Your task is to print all of the data below exactly, with no pictures included.

Records drawn from a dataset
============================================================

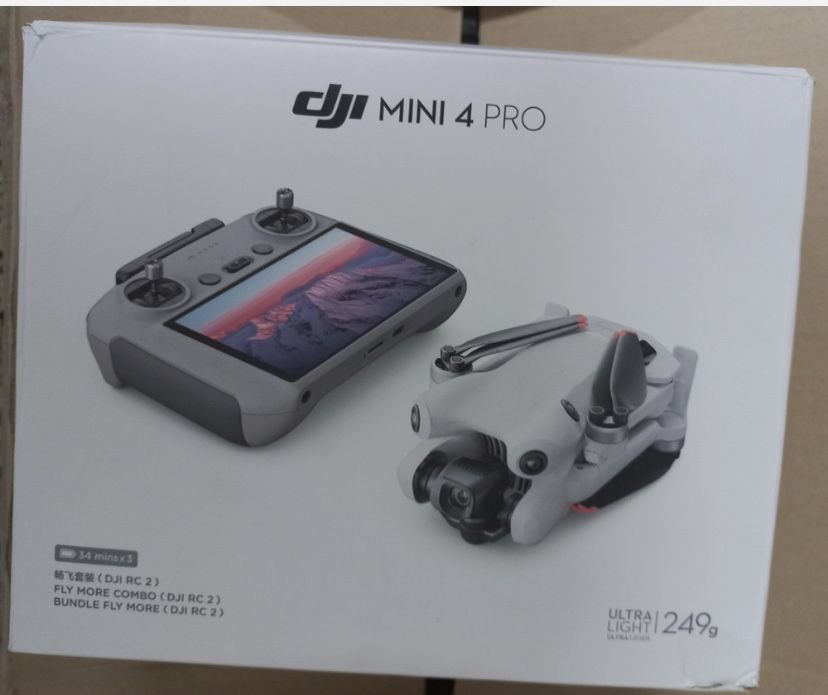 Dji mini 4 pro Novo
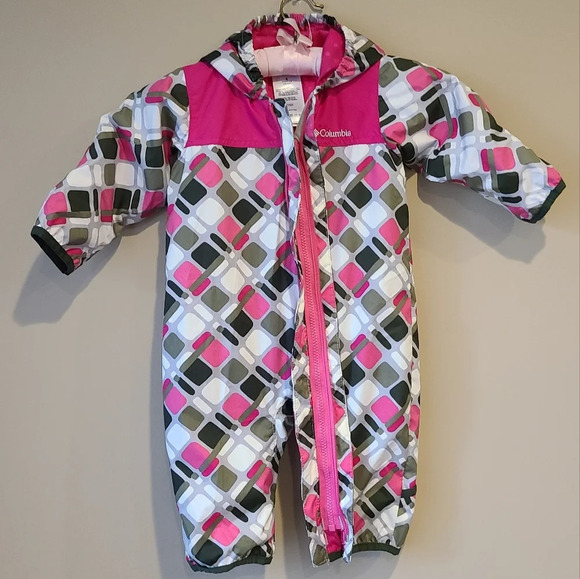 Columbia omni tech overalls size 6 months infant - Picture 1 of 13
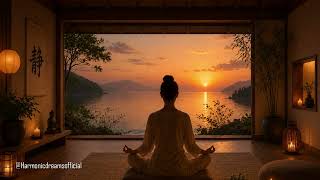 Meditation at Sunset 🌅 | Healing & Relaxation | Harmonic Dreams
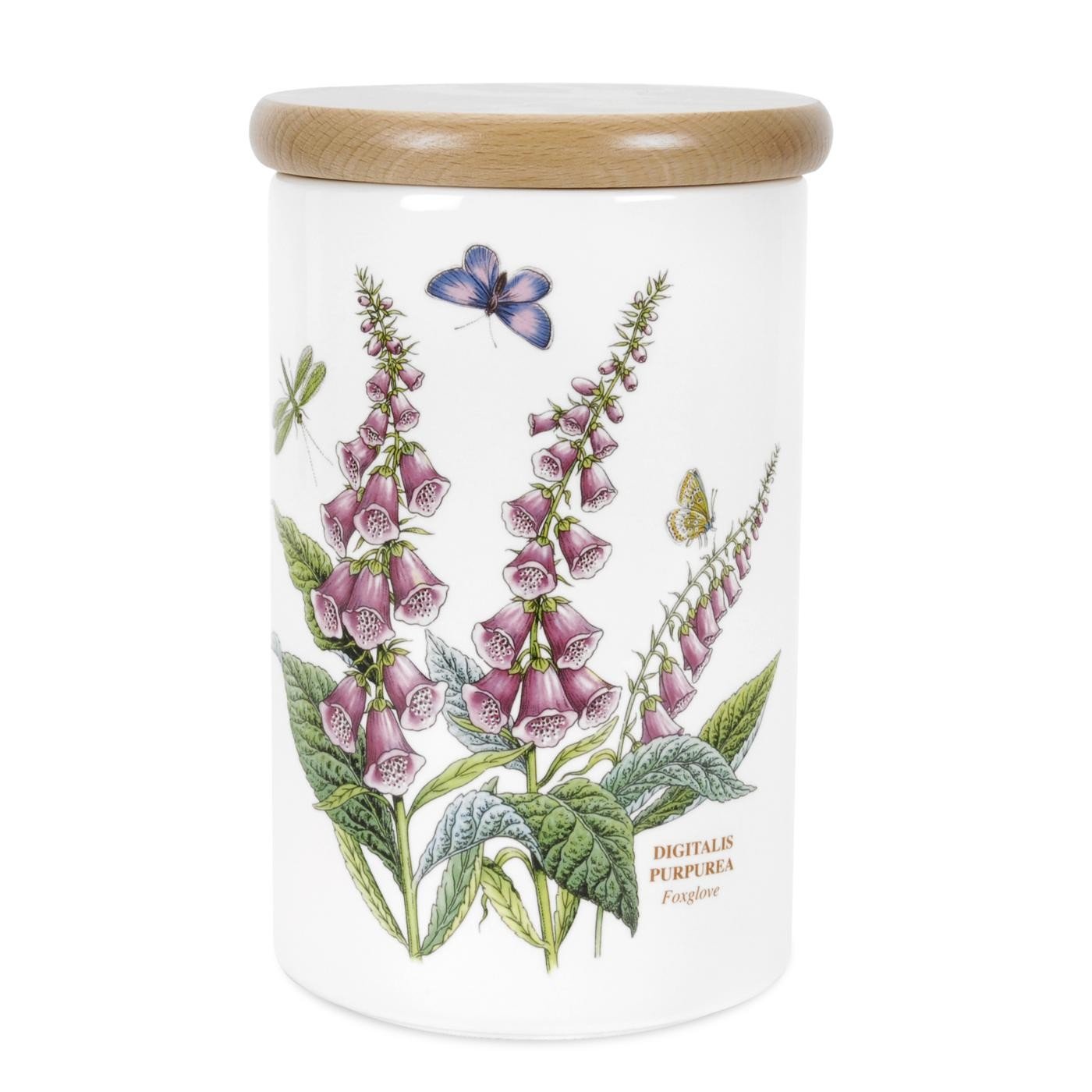 Portmeirion Botanic Garden - Storage Jar 8" - Foxglove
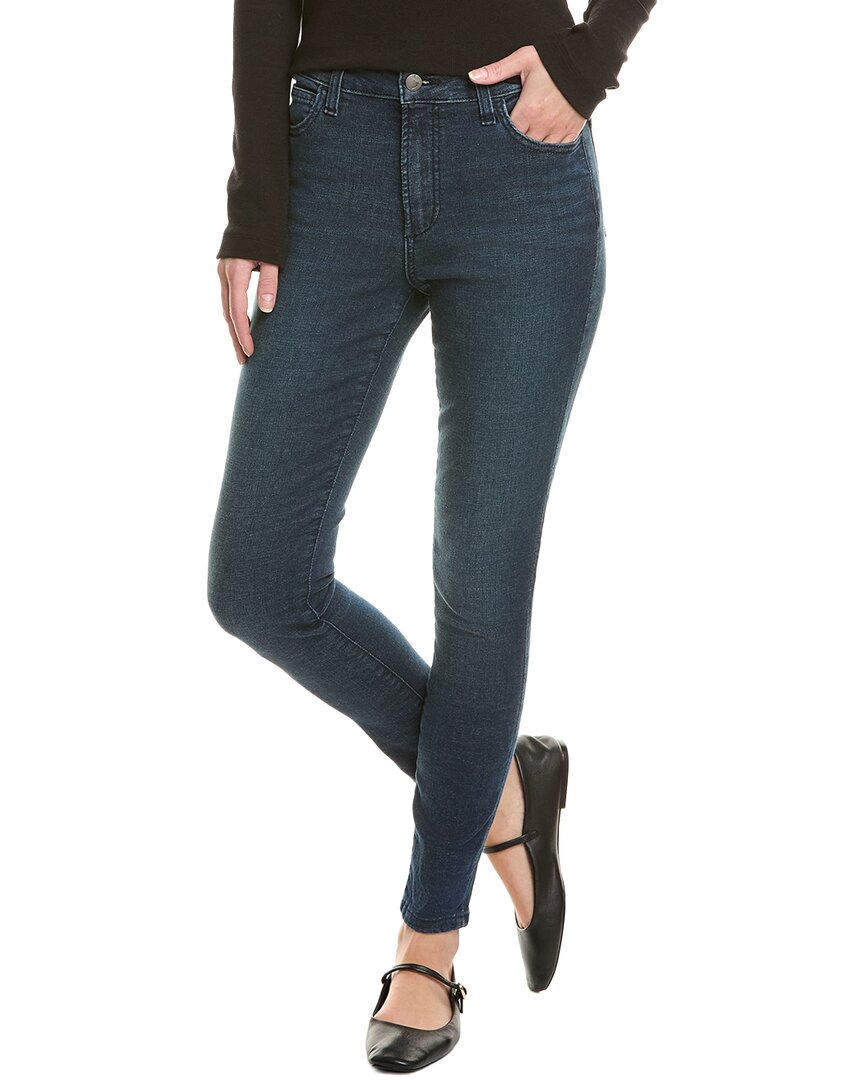 Joe's Jeans High Rise Curvy Skinny Ankle Lovefool Jean In Blue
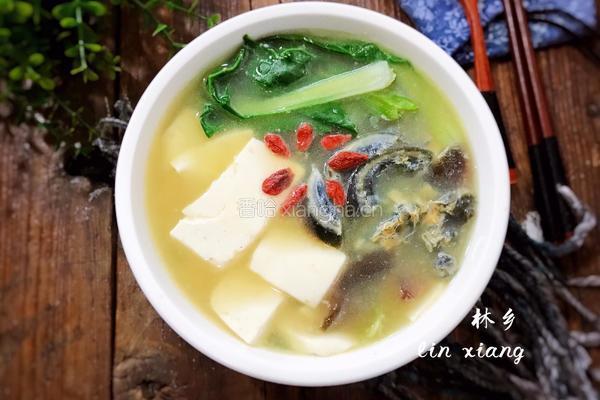 皮蛋豆腐汤的做法图解15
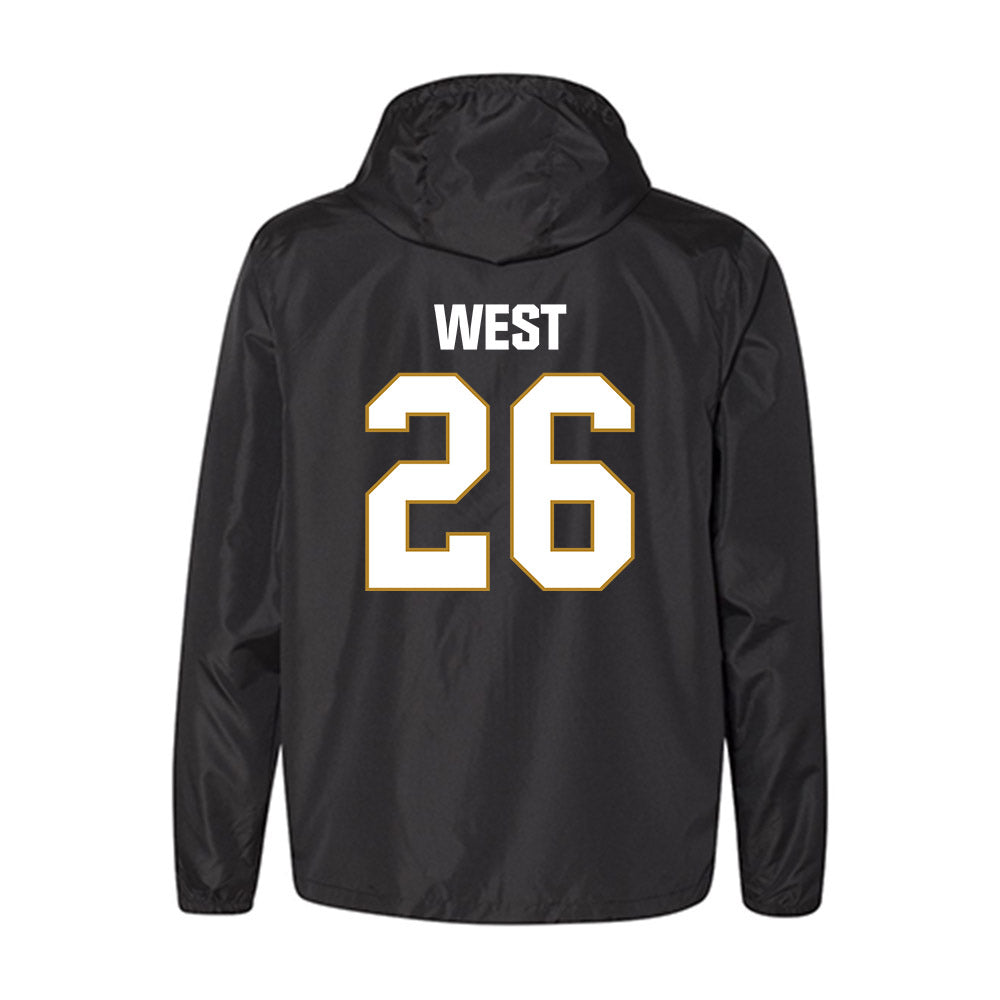 FIU - NCAA Football : Zay West - Windbreaker-1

============================================================

Task output:
 Dji mini 4 pro Novo
 Columbia omni tech overalls size 6 months infant - Picture 1 of 13
 Meditation at Sunset 🌅 | Healing & Relaxation | Harmonic Dreams
 Portmeirion Botanic Garden - Storage Jar 8" - Foxglove
 Joe's Jeans High Rise Curvy Skinny Ankle Lovefool Jean In Blue
 皮蛋豆腐汤的做法图解15
 FIU - NCAA Football : Zay West - Windbreaker-1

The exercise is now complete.